:: DESCRIPTION OF THE TASK ::
In your copy, reproduce each entry exactly and include no picture.

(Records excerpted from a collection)

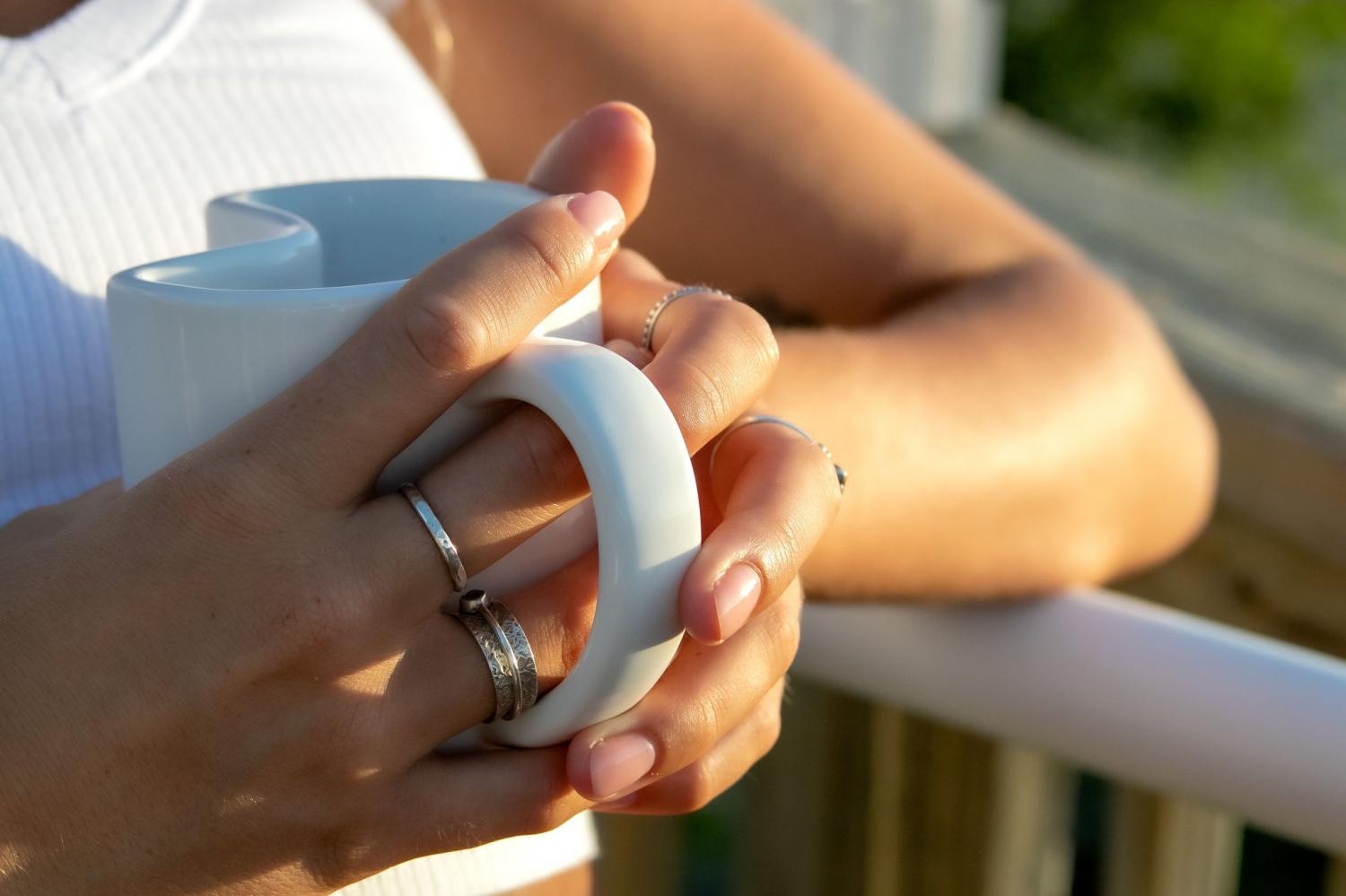 Corner Mug - Corner shaped mug to save space fits in windowsill corners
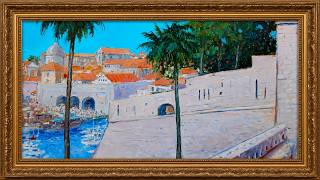Frame TV Art 4K | Seascape Painting | Art Screensaver for TV | 2 Hrs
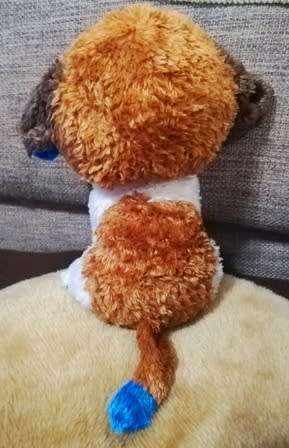 Duke, the big, sparkly eyed. Plush soft toy from TY. 24cm.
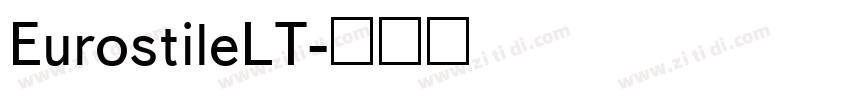 EurostileLT字体转换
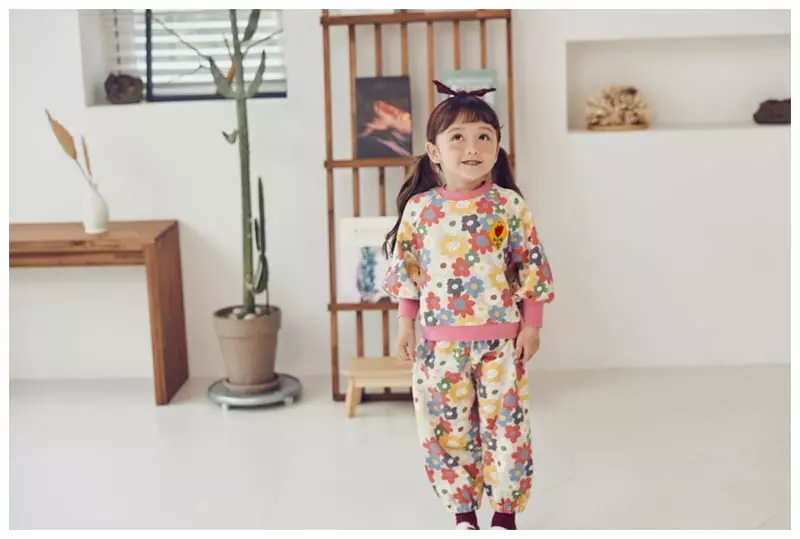 Mimico - Korean Children Fashion - #childofig - Flower Tee - 2
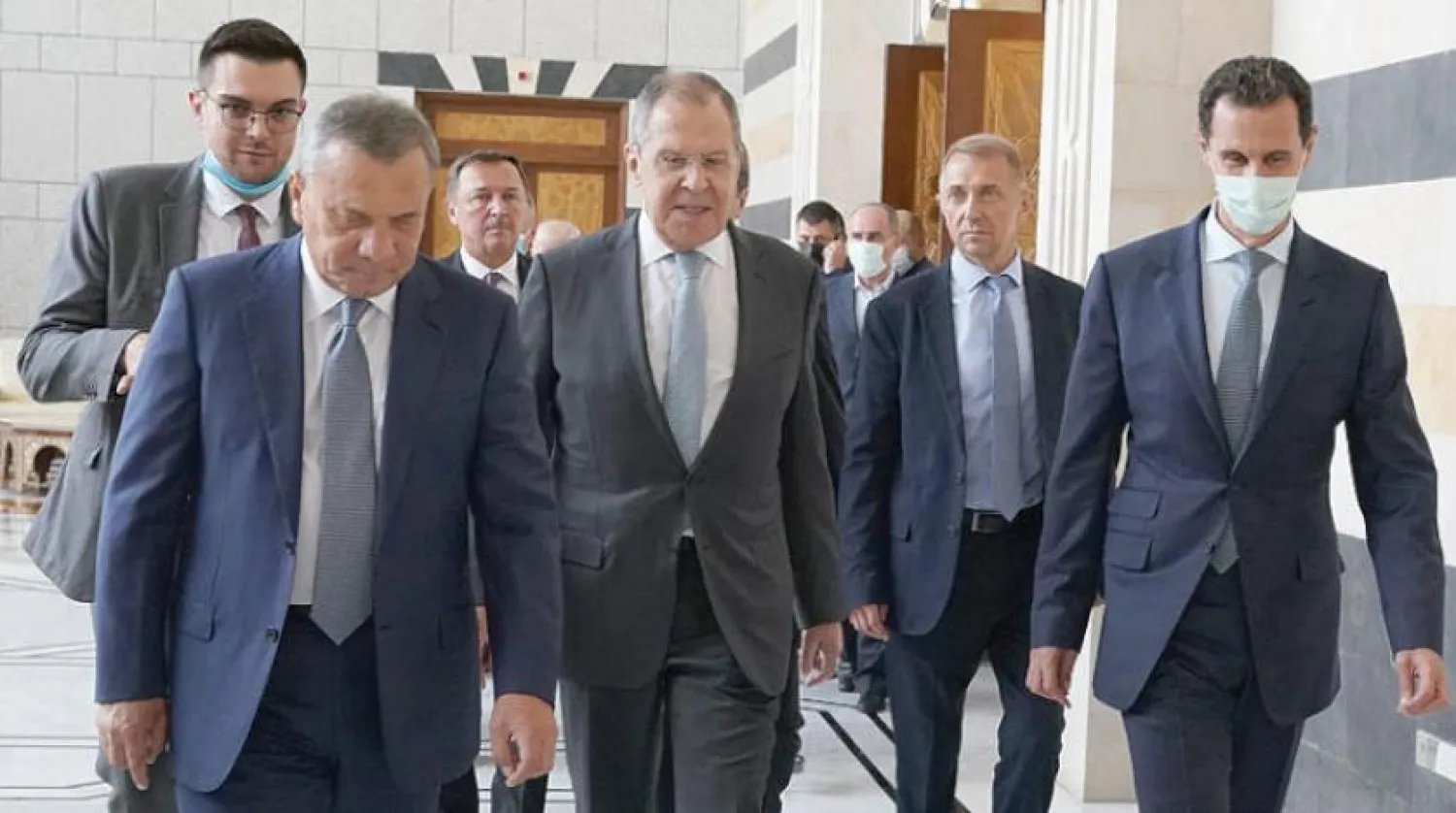 Esed ve Lavrov geçen ay Şam’da bir araya geldi (AFP)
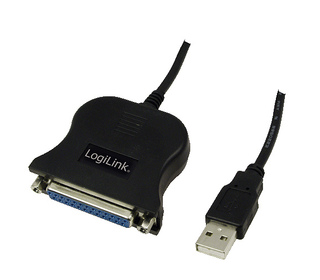 LogiLink UA0054A câble parallèle Noir 1,8 m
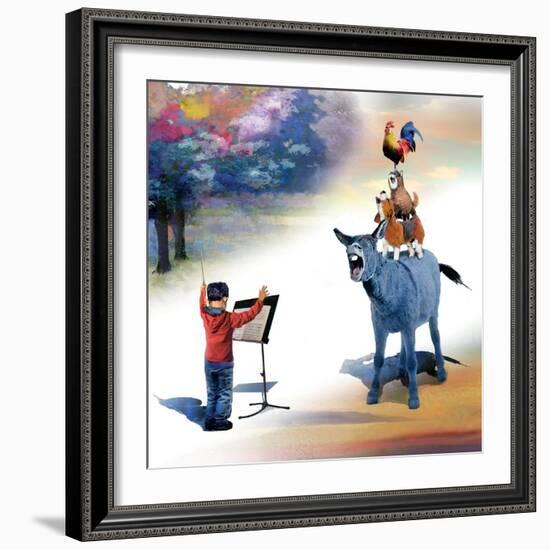 Bremen Musicians-Nancy Tillman-Framed Premium Giclee Print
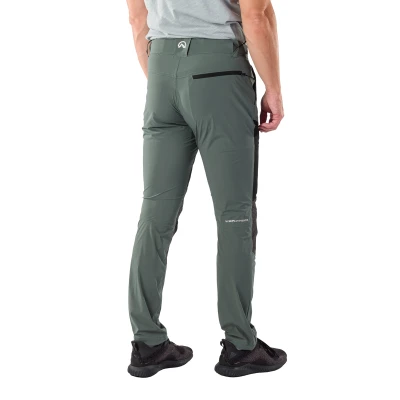 Northfinder SILVESTRE-680greengreyblack pánské turistické kalhoty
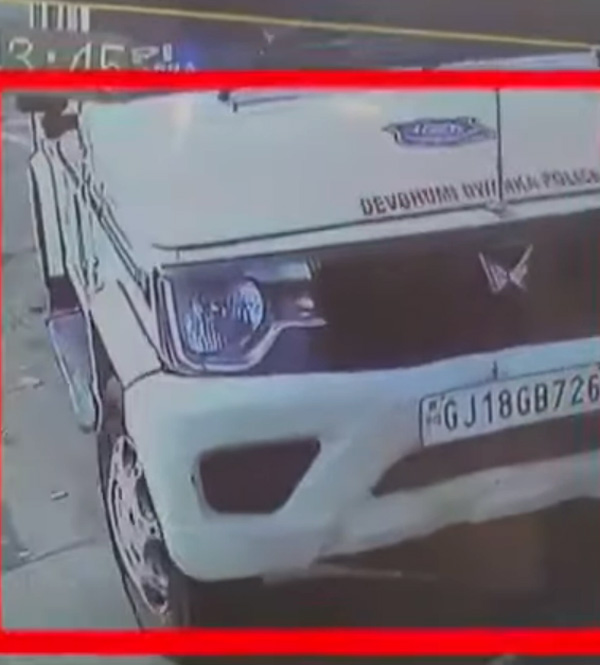Gujarat man steals police Mahindra Bolero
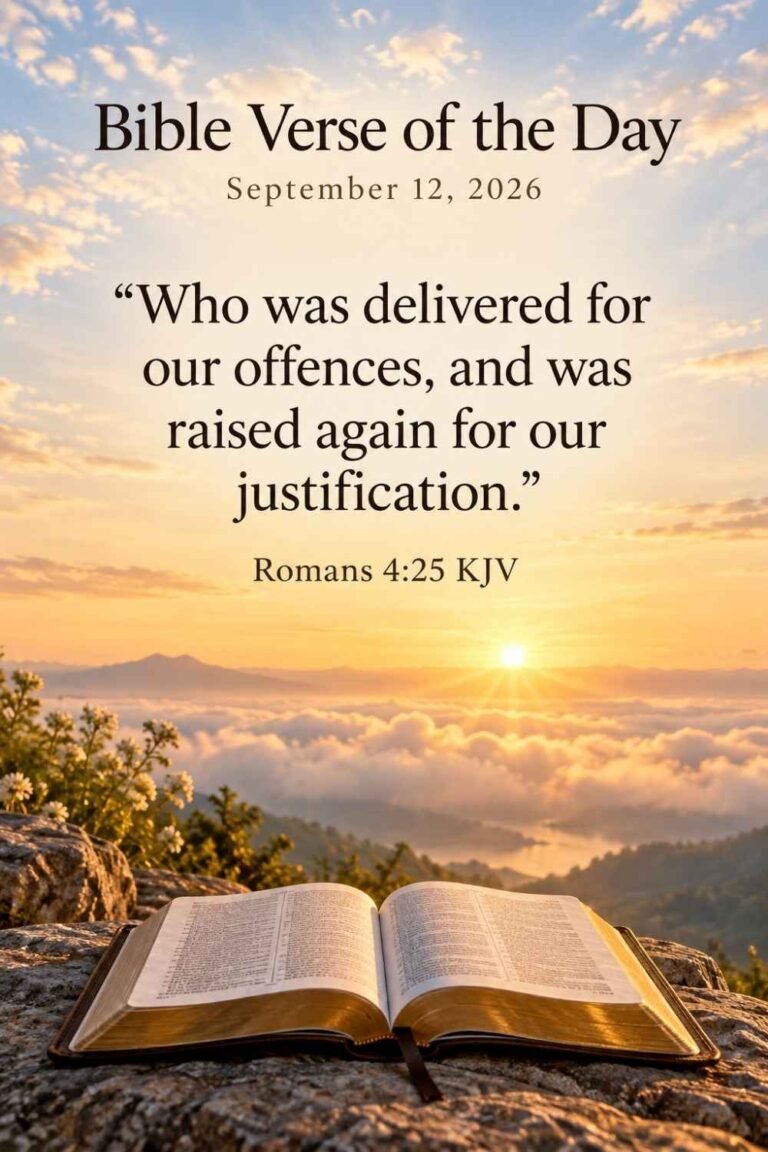 Reflection on Today's Verse from Romans 4:25 for September 12, 2026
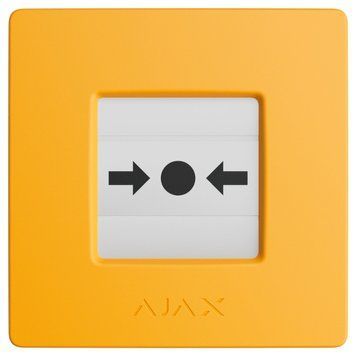 Ajax Manual Call Point (Yellow) ручний бездротовий Сповіщувач 0034607 - постачальник електрообладнання для автоматизації простору Polygon Center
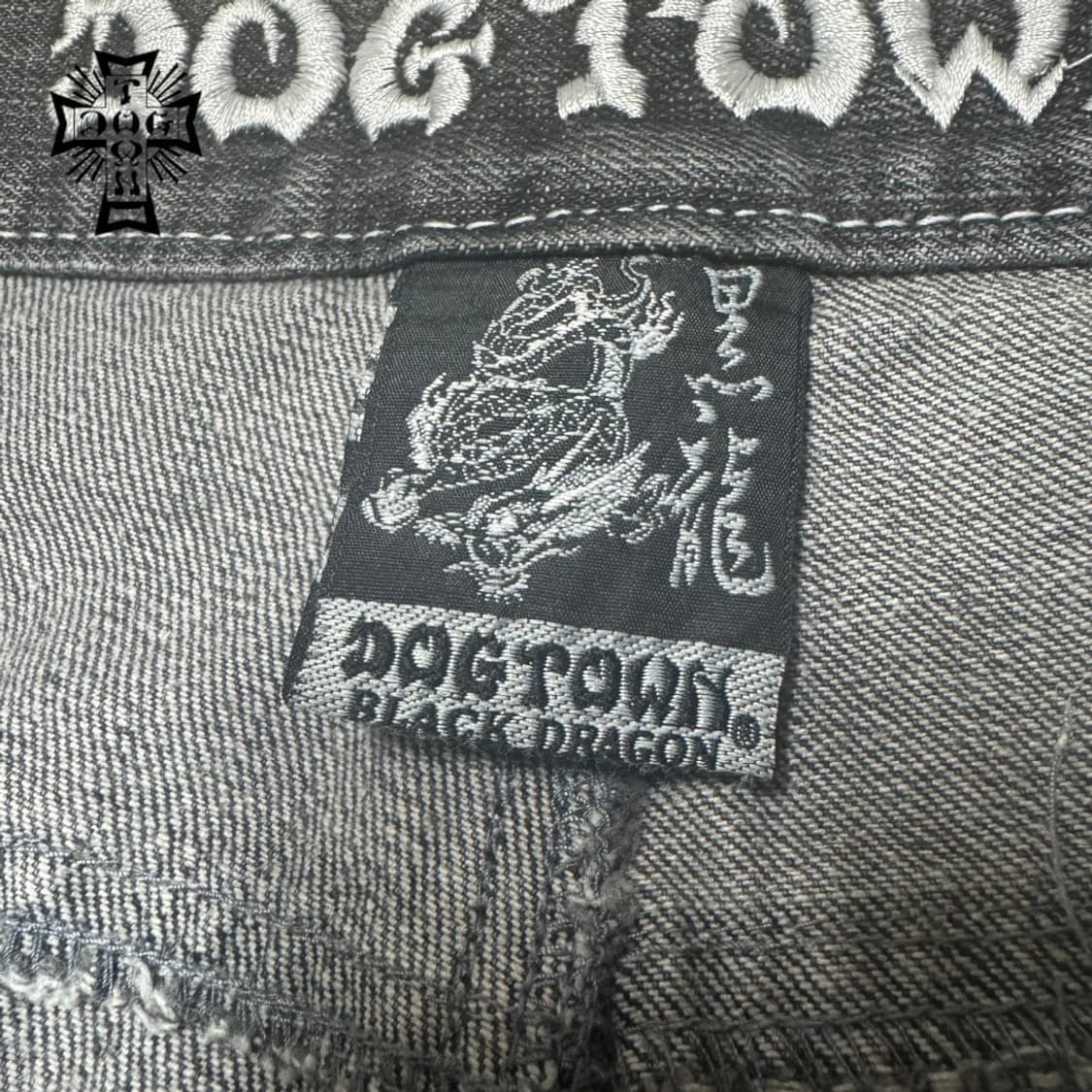 도그타운 오리엔탈 잉어 자수 버뮤다 반바지 데님팬츠 상품이미지5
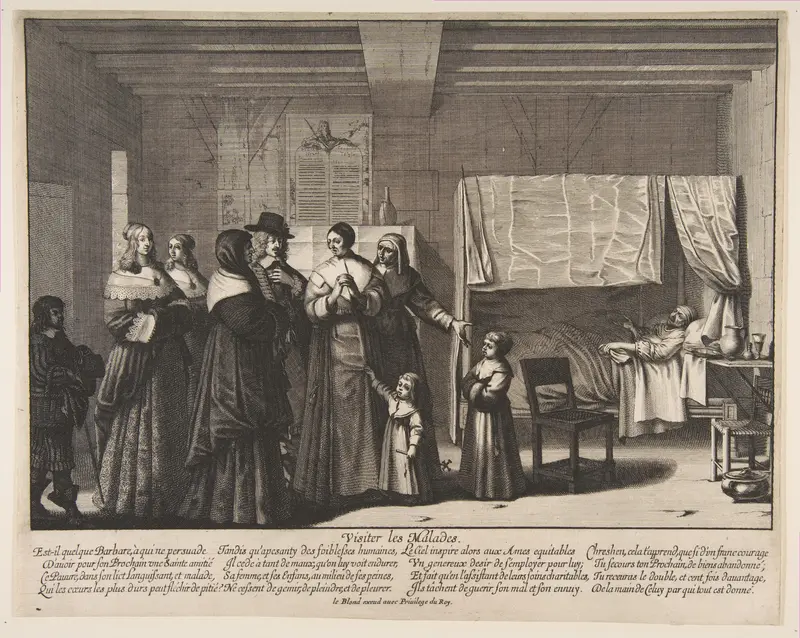 Visiting the Sick Wall Art by Abraham Bosse - High-Resolution Digital Print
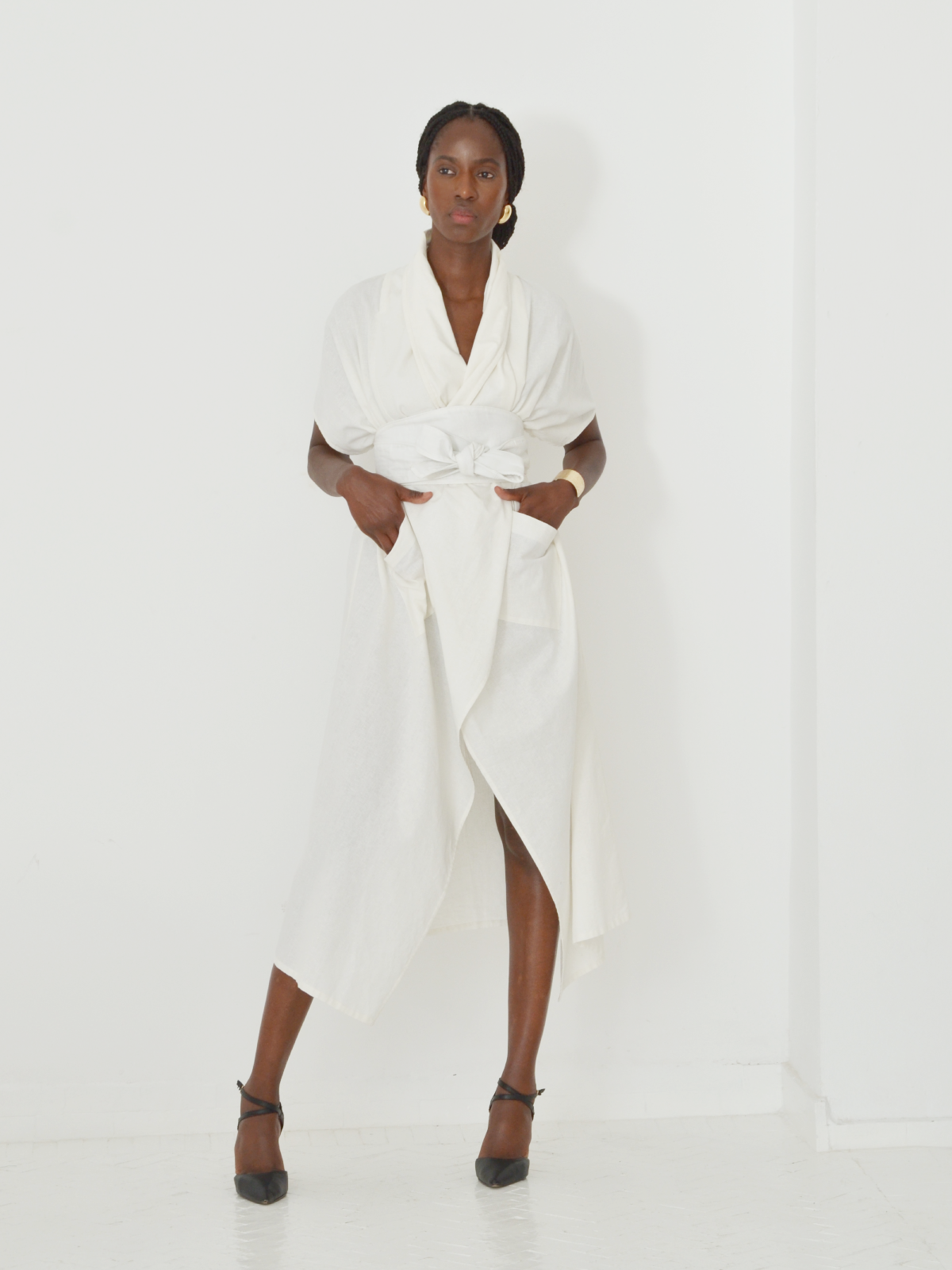 Nadia Kimono White Dress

:: ANSWER SPACE ::
 Corner Mug - Corner shaped mug to save space fits in windowsill corners
Frame TV Art 4K | Seascape Painting | Art Screensaver for TV | 2 Hrs
 Duke, the big, sparkly eyed. Plush soft toy from TY. 24cm.
 EurostileLT字体转换
 Mimico - Korean Children Fashion - #childofig - Flower Tee - 2
 Esed ve Lavrov geçen ay Şam’da bir araya geldi (AFP)
 LogiLink UA0054A câble parallèle Noir 1,8 m
 Bremen Musicians-Nancy Tillman-Framed Premium Giclee Print
 Northfinder SILVESTRE-680greengreyblack pánské turistické kalhoty
Gujarat man steals police Mahindra Bolero
 Reflection on Today's Verse from Romans 4:25 for September 12, 2026
 Ajax Manual Call Point (Yellow) ручний бездротовий Сповіщувач 0034607 - постачальник електрообладнання для автоматизації простору Polygon Center
 도그타운 오리엔탈 잉어 자수 버뮤다 반바지 데님팬츠 상품이미지5
 Visiting the Sick Wall Art by Abraham Bosse - High-Resolution Digital Print
 Nadia Kimono White Dress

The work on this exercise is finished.